Hello! My name is Gilles Vandenoostende, I live in in Ghent, Belgium and I was born in 1985. Generationally speaking, this places me somewhere in between Gen-X and Millenials, which translates to having a pretty traditional childhood where nobody had cellphones, but at the same time growing up around information technology that was evolving and maturing at the same rate we were. My dad bought his first PC in the late 80's and some of my earliest childhood memories involve staring at the glowing CRT monitor playing DOS videogames, like Commander Keen, Duke Nukem and Lemmings.
Technology and making things have always been my two passions growing up. All it took to entertain me was some paper and a pencil, or some cardboard boxes and sticky tape. I was also a voracious consumer of knowledge and trivia, flipping through encyclopedias and science books, and dragging my parents to the natural history museum to see the dinosaurs for the umpteenth time.
So when it was time for me to choose my higher education, I choose something that combined my two great interests: design and technology, which at the time in 2003 meant Multi-Media and Communications Technology. Here I learnt the basics of programming and webdesign, as well as some 3D modelling and graphic design tools.
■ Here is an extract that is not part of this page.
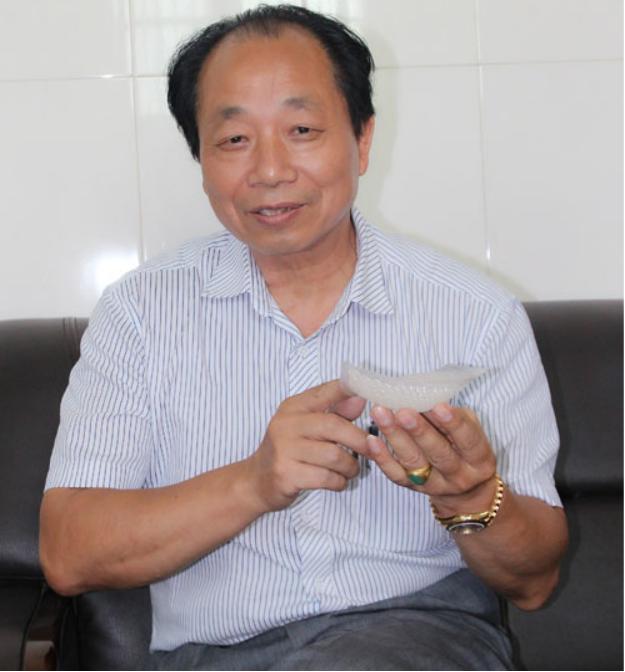 夏娃之秀柯俊波董事长,夏娃之秀专利发布会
In my last year I had the chance to do my internship abroad and I lucked out with a really good placement at a university incubator in Liverpool, where I learnt about user-research and got a chance to design a few small games for the BBC.
After graduating in 2006 I was intending to take another two years to get my masters' degree, but after receiving a job-offer from BBDO to join their webdesign team I decided to start my career proper. This started the first chapter of my professional life working in the Belgian advertising industry. After a 5 year stint at BBDO where I was doing mostly flash-based webstuff, I joined TBWA Group and their Two Men and a Horsehead design team, where I gained more experience in Graphic Design and UX.
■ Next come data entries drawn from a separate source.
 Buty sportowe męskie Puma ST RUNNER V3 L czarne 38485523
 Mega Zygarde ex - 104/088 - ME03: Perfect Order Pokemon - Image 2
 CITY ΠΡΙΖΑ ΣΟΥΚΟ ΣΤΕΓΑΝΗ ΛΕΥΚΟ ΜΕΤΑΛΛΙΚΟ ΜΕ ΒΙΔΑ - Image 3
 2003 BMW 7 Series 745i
Throughout my work I had to combine both design and programming to achieve the best results, and I continued to hone both these skillsets, always learning new techniques while refusing to specialise too much in either direction. I learned that a talent for efficient communication is indispensible for making informed and intelligent design decisions.
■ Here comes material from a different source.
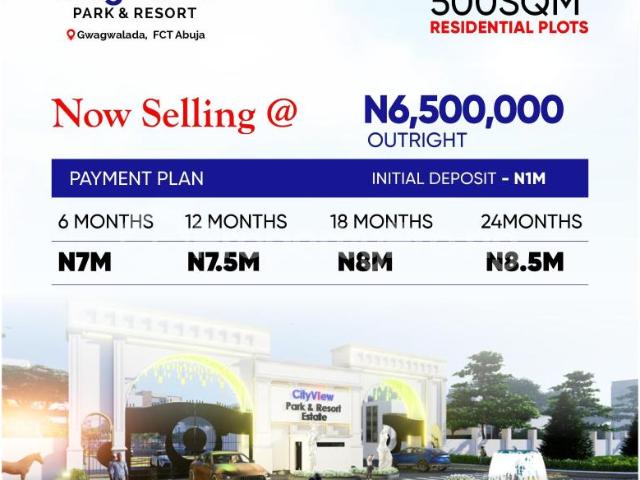 Buy Land in Gwagwalada Abuja 0MSXY | PropertyPro Nigeria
Later in 2013 I would join Duval Guillaume and Saatchi&Saatchi as Creative Technologist/(UX) Designer. However, by 2016 I had decided to find work a little closer to home, and lucked into a job-interview at Little Miss Robot, a digital product design firm in Ghent, and was hired to join their design team. Here I was more focused on user-oriented design, creating wireframes and prototypes for a variety of clients, organising workshops and focusgroups to collect design briefings, etc.
Later LMR joined up with Knight Moves (service design), District01 (software development) and Once (storytelling) to become Leap Forward to offer a more integrated approach for our various clients and we moved offices. This lead to me meeting Dave & Alexander in 2017, who had been working on an idea for a virtual reality game called Journey For Elysium (available now), but who needed someone who had the technical skills to make it. Since I had been dabbling with VR myself (and knew how to use Unity 3D) I eagerly joined their team and along with Xavier (an intern from DAE) we spent 3 months to make the first prototype (see the case for the full story).
With this prototype in hand, we were able to get production funding from the VAF (Flanders Film Fund). My childhood dreams of being a game designer came true and production started in 2018. Dave founded the Mantis studio and we hired our first team. The last two years I have been working full time at Mantis Games, doing mostly level design and scripting, as well as working on concepts for future games.
In my spare time I'm dabbling with analogue synthesizers (love my Volca Modular) and learning Blender, which has advanced lightyears in recent times. A good audiobook and my trusty sketchbook are my idea of a good sunday afternoon.
Throughout my career I've always tried to be a renaissance geek. Like the great masters of old, I stubbornly refuse to specialise, preferring to remain plugged into as many different fields as I can humanly muster. As I'm writing this near the end of 2019, I see no reason to change this.